### Task to complete
When the line with "Haliliye Belediyesi Haşere Akrep Yılan" turns up below, begin repeating exactly, and carry on through the line with "Pinoso - Inland"; no pictures go into the copy.

### Exercise materials
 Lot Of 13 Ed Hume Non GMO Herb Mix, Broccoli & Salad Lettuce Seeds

---

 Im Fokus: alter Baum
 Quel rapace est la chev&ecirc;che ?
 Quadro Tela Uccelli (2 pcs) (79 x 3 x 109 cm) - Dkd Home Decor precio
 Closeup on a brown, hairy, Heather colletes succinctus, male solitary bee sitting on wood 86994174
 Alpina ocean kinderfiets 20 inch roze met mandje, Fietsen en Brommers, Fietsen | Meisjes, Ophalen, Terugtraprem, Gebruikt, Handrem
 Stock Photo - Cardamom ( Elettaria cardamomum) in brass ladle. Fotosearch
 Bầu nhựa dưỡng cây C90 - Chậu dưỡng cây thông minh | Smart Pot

--

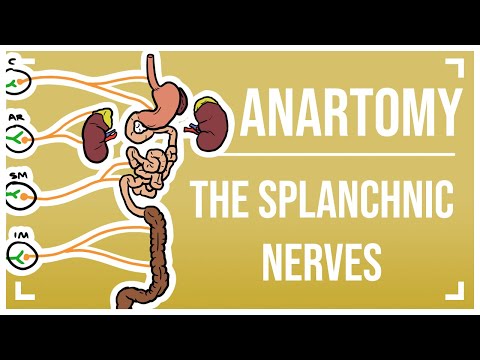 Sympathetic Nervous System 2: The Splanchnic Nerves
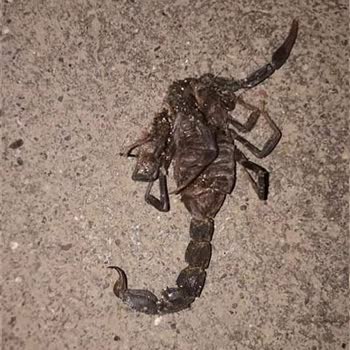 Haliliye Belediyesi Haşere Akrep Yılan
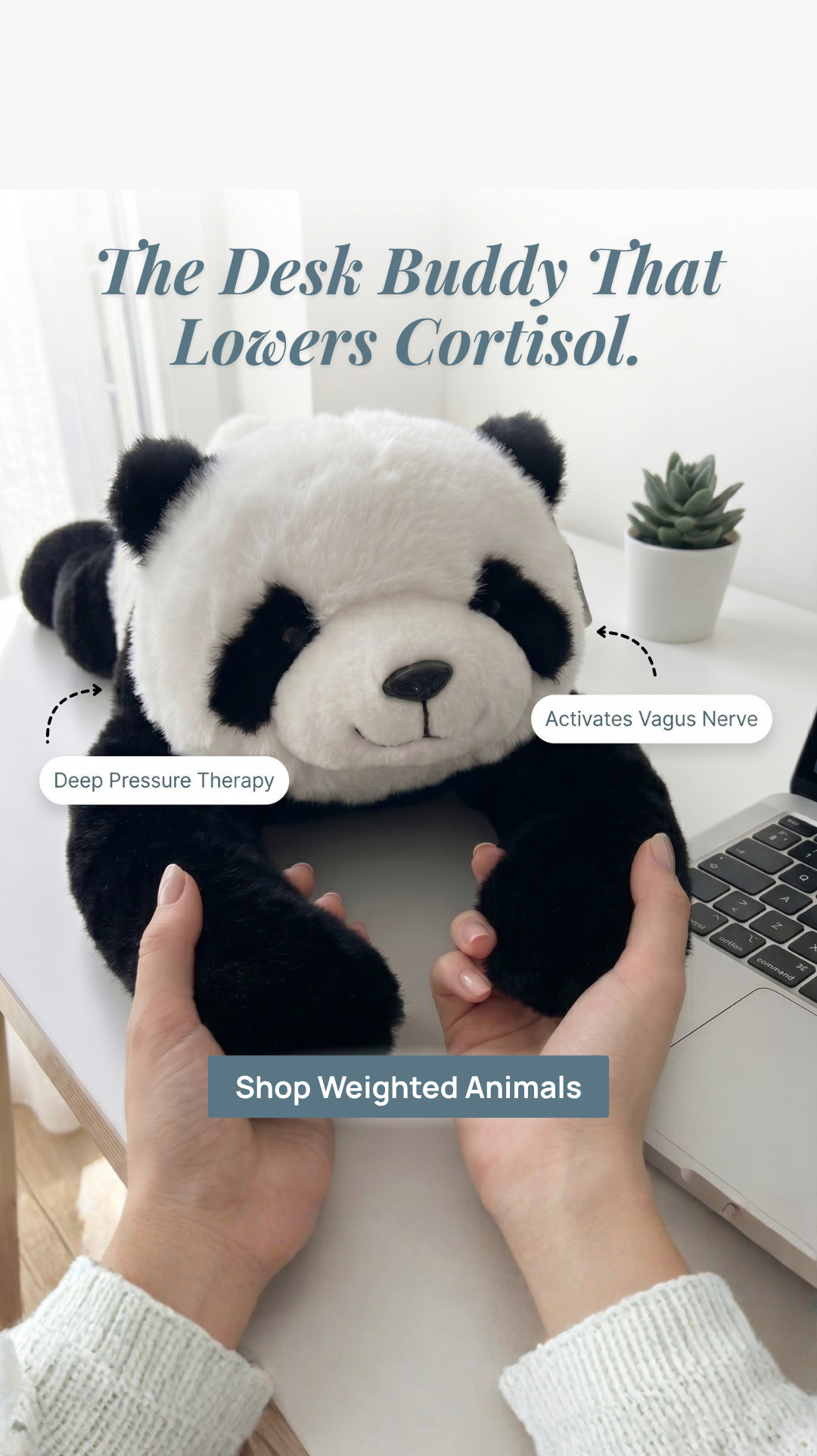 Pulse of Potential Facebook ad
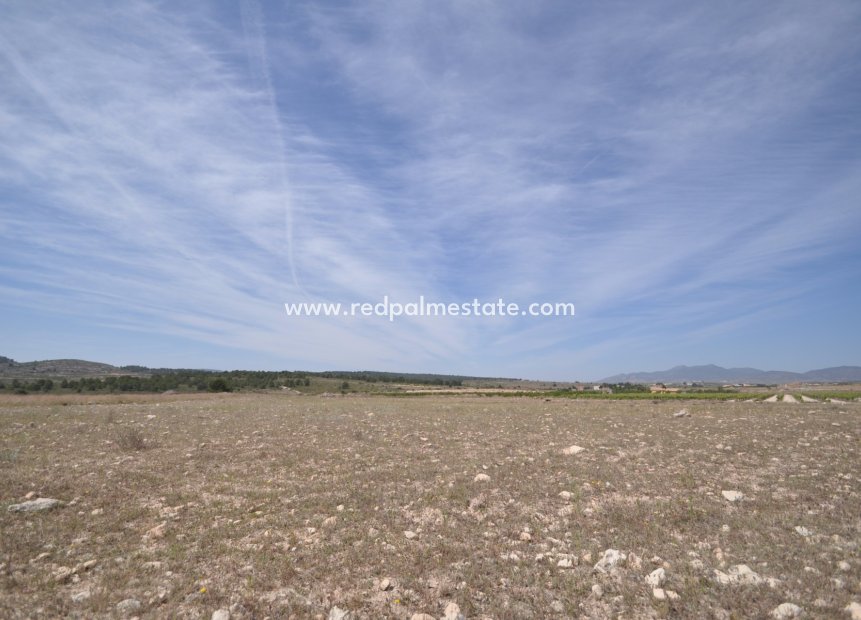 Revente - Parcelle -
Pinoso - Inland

### Output
 Haliliye Belediyesi Haşere Akrep Yılan
 Pulse of Potential Facebook ad
 Revente - Parcelle -
Pinoso - Inland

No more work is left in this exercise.